Okulumuz şehir merkezinden 10 km uzakta, sessiz sakin bir yerde.
Yurdu, yemekhanesi, bahçesi ve spor alanlarıyla öğrencilerin tercih ettikleri bir okuldur. İlçelerdeki ve köylerdeki yüksek puanlı öğrenciler okulumuzu genellikle öğrenci yurdu olduğu için tercih etmekteydi. Bu yıl 9. öğrencilerimiz, henüz çocukluk havasını üzerilerinden atamamış gibi görünüyorlardı. Okula uyum sağlayamayan öğrencilere yaptığımız uyarılar ve ferdî görüşmeler onların okula uyum sağlamalarına yardımcı oluyordu. Okulun açıldığı ilk gün öğrenciler, lisedeki derslerin ortaokul derslerine göre daha ağır olduğunu anladı. Öğretmenlerin önemsediği sabah ve akşam etütleri öğrencilerin derslere ısınmalarını sağlıyordu. Bir ay sonra 9. sınıf öğrencileri nihayet liseli öğrenciler gibi davranmaya başlamışlardı. Öğrenciler okul kurallarına uyar duruma gelmişti. Arkadaşlarından birkaç yaş büyük Mehmet Can dışında bütün öğrenciler normale dönmüştü. Mehmet Can yurda saatinde gelmez, derslere ise öğretmenlerden sonra girerdi. Öğretmenler derslere geç gelmeyi alışkanlık haline getiren Mehmet Can’ın durumunu okul idaresine bildirdiler. Öğretmenler, Mehmet Can’ın okuldaki çalışma düzenini bozduğunu, derslerde öğretmenlere karşı dik başlı davrandığını defalarca okul idaresine söyledi. Mehmet Can, aykırı davranışlarından dolayı kısa sürede okulda tanınan biri olmuştu. Mehmet Can’la ilgili şikâyet dosyası gün geçtikçe kabarmıştı. Okul müdürü olarak öğretmenlerinin yoğun şikâyeti üzerine Mehmet Can’la özellikle ilgileneceğimi söyledim. Mehmet Can’ı teneffüste, sınıfta, yurda giriş-çıkışlarında izlemeye başladım. Mehmet Can’ın davranışlarının iyi olmadığını gördüm. Artık Mehmet Can, benim öncelikli işim olmuştu. Mehmet Can’ın derslere çalışmamasına rağmen, ders notlarının kötü olmaması dikkatimi çekmişti. Mehmet Can, yaşının verdiği güçle kurallara uymak istemiyordu.

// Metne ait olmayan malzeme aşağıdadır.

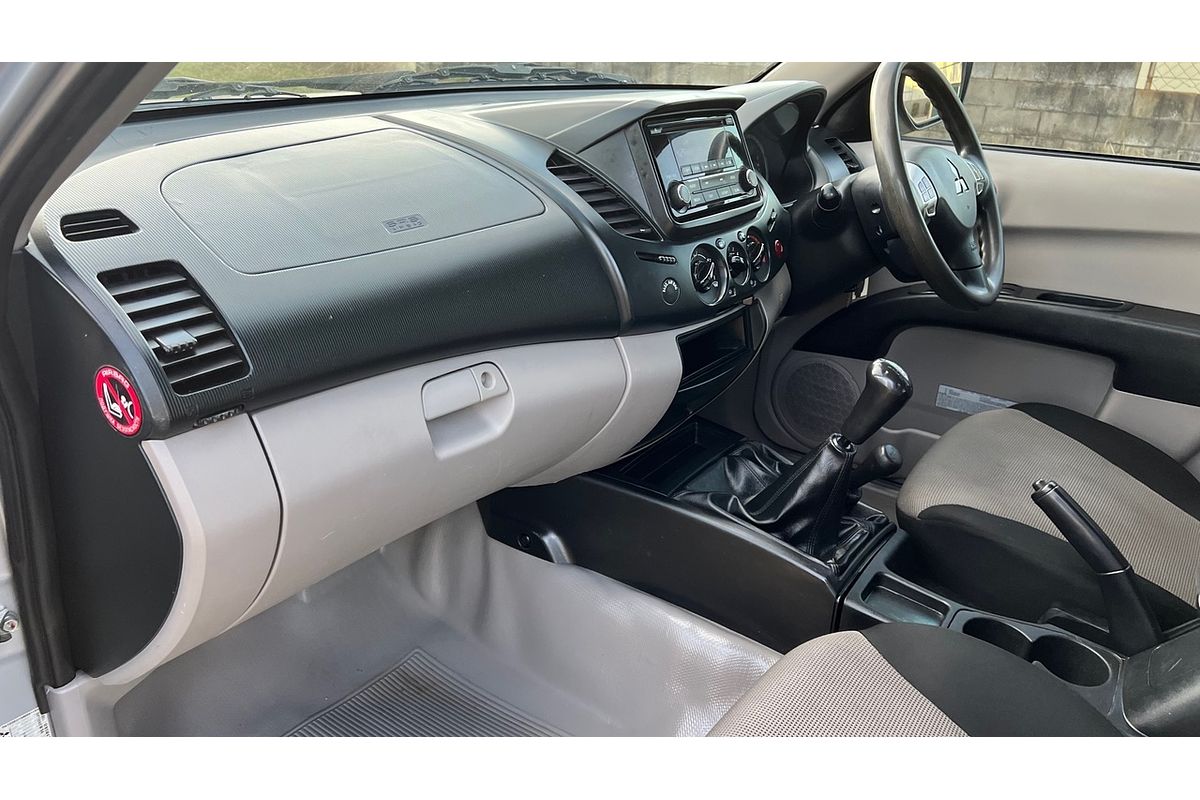 2015 Mitsubishi Triton GLX MN MY15 Rear Wheel Drive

Ailenin en küçük çocuğuydu. Evde her istediği yapılmış, şımarık bir çocuk olarak büyütülmüştü. İstediği zaman yurda ve derslere gitmek, kafasına göre takılmak istiyordu. Kuralları, disiplinli hayatı kabul etmek istemiyordu. Okuldaki bütün işlerimi bıraktım; Mehmet Can’ın peşine düştüm. Önce odama çağırdım onunla okulun kuralları hakkında konuştum. Ona zamanında derse girmesini ve yurda saatinde gelmesini söyledim. Bana bir daha geç kalmayacağına dair söz vermesine rağmen bildiğinden şaşmadı. Mehmet Can, artık her geç kaldığında karşısında beni buluyordu. Birkaç gün sonra Mehmet Can babasıyla odama geldi.
Babası suratı asık sinirli bir ses tonuyla:
“Öğrencimi bu okuldan almak istiyorum!” dedi.

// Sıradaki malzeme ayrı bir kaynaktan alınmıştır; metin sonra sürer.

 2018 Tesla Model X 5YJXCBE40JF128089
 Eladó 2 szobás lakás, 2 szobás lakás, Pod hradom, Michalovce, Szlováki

Şaşırmıştım, veliye öğrencisini imkânları ve eğitimi iyi olan bu okuldan niye almak istediğini sordum. Babası bir an durdu.
Sinirlerine hâkim olmak isteyen biri gibi kısık bir sesle: “Müdür Bey! Öğrencim sizden memnun değil. Okulda ona nefes dahi aldırmadığınızdan bunaldığını söylüyor. Bundan dolayı çocuğumu ilçemizdeki liseye alacağım. Mehmet Can, günlerdir bizi telefonla arayarak ben bu okulda okumak istemiyorum, beni bu okuldan alın, diyor. Eğer beni bu okulda kalmaya zorlarsanız, okulu bırakıp bu memleketten kaçacağım!” diyor, Müdür Bey. Siz söyleyin, ben ne yapabilirim ki?” dedi.

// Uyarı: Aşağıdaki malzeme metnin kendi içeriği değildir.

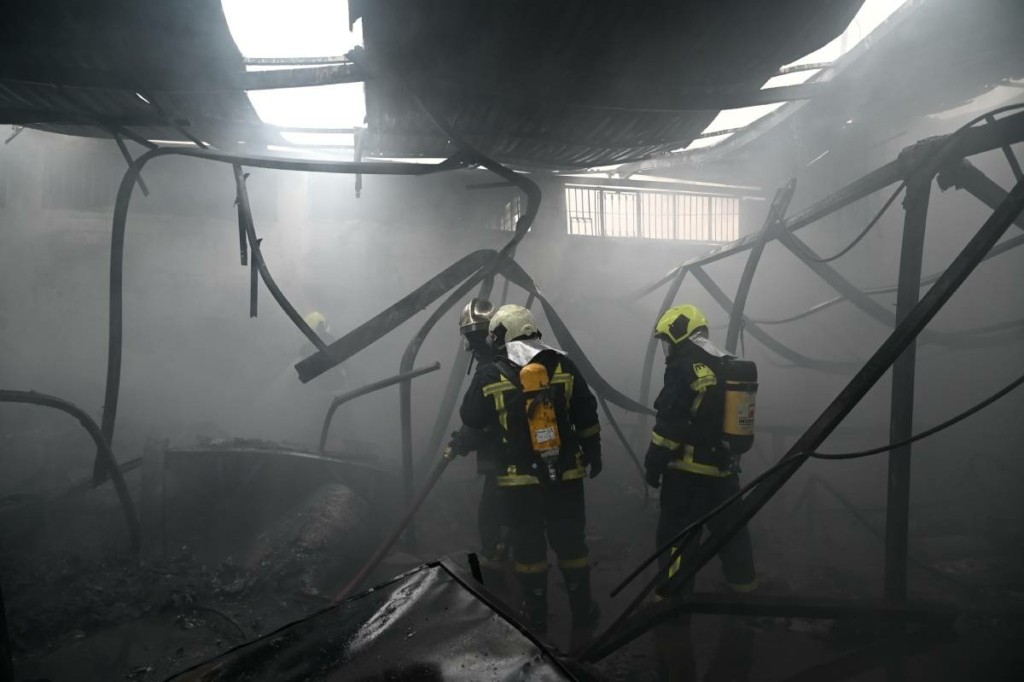 “Εμπρησμό από Ρομά” καταγγέλλει ο ιδιοκτήτης του εργοστασίου στον Ασπρόπυργο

Babasının zor durumda olduğunu anlamıştım.
Mehmet Can’a döndüm gülümseyerek: “İzninle babanla başbaşa biraz konuşmak istiyorum. Sen kantinde bir çay iç.” dedim. Mehmet Can, dışarı çıktı. Babasına Mehmet Can’ın okulda kurallara uymadan keyfi davranmak istediğini, başına buyruk biri olduğunu söyledim. “Bu okulda 500 öğrenci var. Her öğrenci kafasına göre davranırsa okul okul olmaktan çıkar.” dedim. “Siz çocuğun kaydını okuldan alırsanız sokaklar bu çocuğu sana bir daha vermez. Başınız belâdan kurtulmaz.” dedim. Babası benimle Mehmet Can’ın arasında kalmıştı. Söyleyecek kelime bulamıyordu. Susmuş çaresizce söylediklerimi dinliyordu.
Babasına: “Peki, bu çocuk gece saat ikide eve gelirse sen kabul eder misin? Senin evinde bir kuralın yok mu?” diye sordum. “Bu çocuk sizin sevgi ve şefkatinizi kötüye kullanıyor. Hiç zahmet çekmeden bir yerlere varmak istiyor. Hayatın hiç de istediğimiz gibi olmadığını biliyorsun.” dedim.
Babası Mehmet Can’ı okulumuzdan alma kararlılığı içinde gelmişti.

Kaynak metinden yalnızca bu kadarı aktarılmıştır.